= Task description =
The lines in the listing below are to be given again exactly, starting at the line holding "Hello CreateStudio Pro" and ending at the line holding "I'm going to try". Do not include pictures.

--- Raw data ---

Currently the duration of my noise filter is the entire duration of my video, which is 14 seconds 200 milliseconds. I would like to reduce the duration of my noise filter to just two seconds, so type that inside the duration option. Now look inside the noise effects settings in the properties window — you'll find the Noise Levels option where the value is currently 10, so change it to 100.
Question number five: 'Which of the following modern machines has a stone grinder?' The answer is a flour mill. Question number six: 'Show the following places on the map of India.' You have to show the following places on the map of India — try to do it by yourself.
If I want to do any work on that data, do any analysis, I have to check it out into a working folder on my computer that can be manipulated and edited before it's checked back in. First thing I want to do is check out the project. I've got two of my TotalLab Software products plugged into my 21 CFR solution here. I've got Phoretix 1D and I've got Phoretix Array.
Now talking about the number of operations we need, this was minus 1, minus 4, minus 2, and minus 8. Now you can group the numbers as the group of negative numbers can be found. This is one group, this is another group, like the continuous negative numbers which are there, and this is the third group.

---
--- Raw data ---

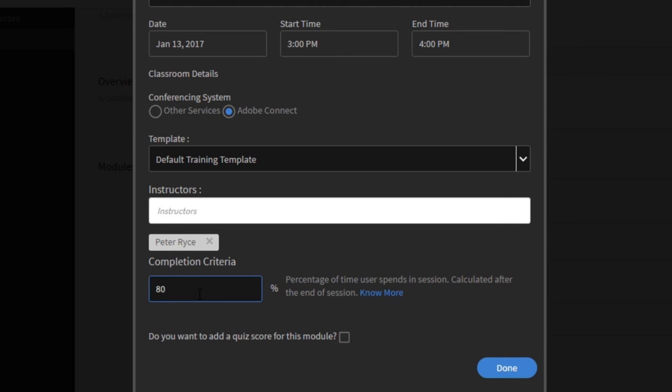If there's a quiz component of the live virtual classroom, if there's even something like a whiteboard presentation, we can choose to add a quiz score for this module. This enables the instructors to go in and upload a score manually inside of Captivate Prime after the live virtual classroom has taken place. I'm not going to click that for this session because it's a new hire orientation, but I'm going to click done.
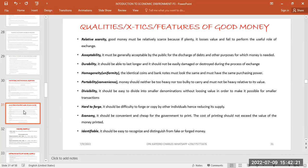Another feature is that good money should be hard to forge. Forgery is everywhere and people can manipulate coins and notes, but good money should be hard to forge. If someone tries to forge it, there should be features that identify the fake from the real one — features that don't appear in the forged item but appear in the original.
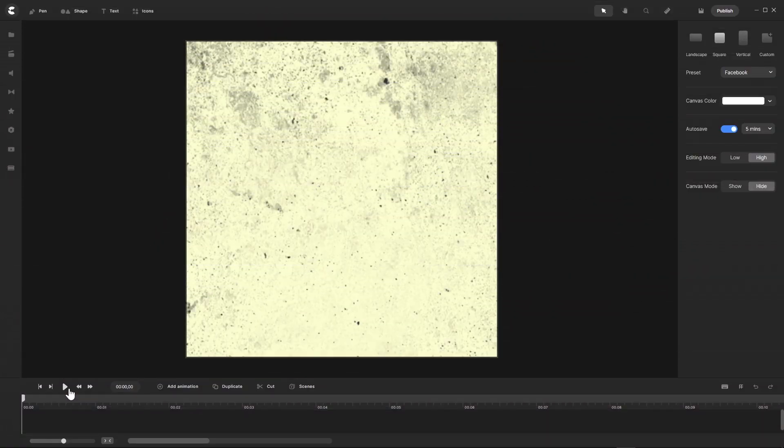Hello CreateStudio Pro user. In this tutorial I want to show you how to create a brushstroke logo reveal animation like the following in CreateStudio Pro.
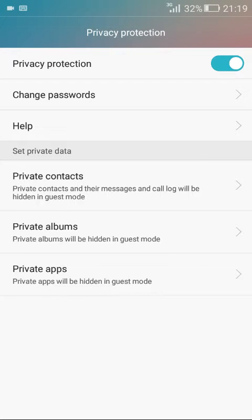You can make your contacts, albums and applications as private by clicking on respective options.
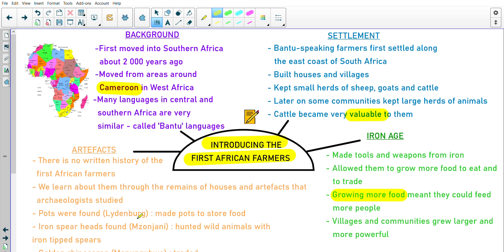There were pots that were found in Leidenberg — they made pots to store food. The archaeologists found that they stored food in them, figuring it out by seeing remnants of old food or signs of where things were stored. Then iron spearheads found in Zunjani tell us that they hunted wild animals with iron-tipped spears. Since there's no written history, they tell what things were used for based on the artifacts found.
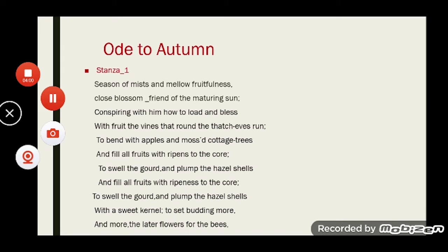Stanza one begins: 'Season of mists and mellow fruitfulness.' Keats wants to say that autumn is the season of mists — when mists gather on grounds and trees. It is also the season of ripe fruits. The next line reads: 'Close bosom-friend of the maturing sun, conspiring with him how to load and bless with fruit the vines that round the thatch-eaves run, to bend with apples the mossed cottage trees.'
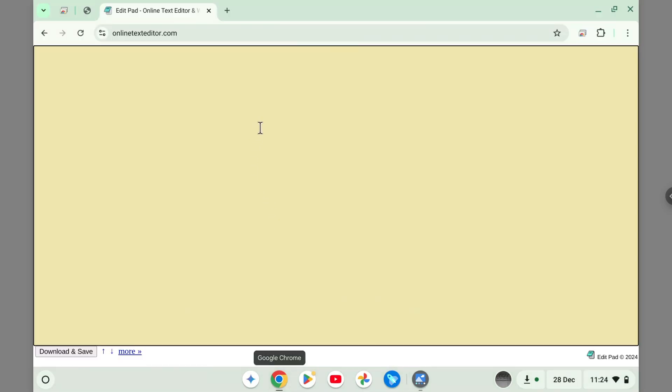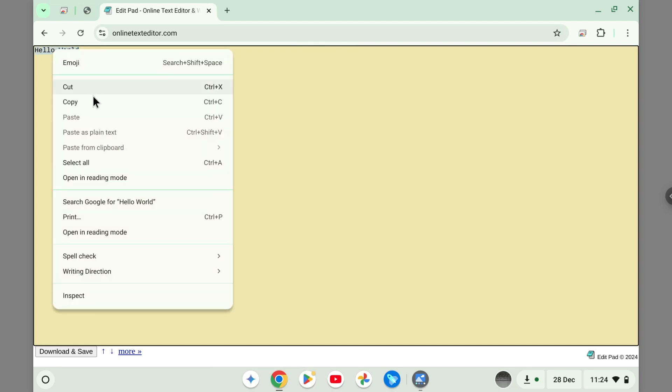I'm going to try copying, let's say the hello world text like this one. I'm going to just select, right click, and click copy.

---

= Written solution =
Hello CreateStudio Pro user. In this tutorial I want to show you how to create a brushstroke logo reveal animation like the following in CreateStudio Pro.
You can make your contacts, albums and applications as private by clicking on respective options.
There were pots that were found in Leidenberg — they made pots to store food. The archaeologists found that they stored food in them, figuring it out by seeing remnants of old food or signs of where things were stored. Then iron spearheads found in Zunjani tell us that they hunted wild animals with iron-tipped spears. Since there's no written history, they tell what things were used for based on the artifacts found.
Stanza one begins: 'Season of mists and mellow fruitfulness.' Keats wants to say that autumn is the season of mists — when mists gather on grounds and trees. It is also the season of ripe fruits. The next line reads: 'Close bosom-friend of the maturing sun, conspiring with him how to load and bless with fruit the vines that round the thatch-eaves run, to bend with apples the mossed cottage trees.'
I'm going to try copying, let's say the hello world text like this one. I'm going to just select, right click, and click copy.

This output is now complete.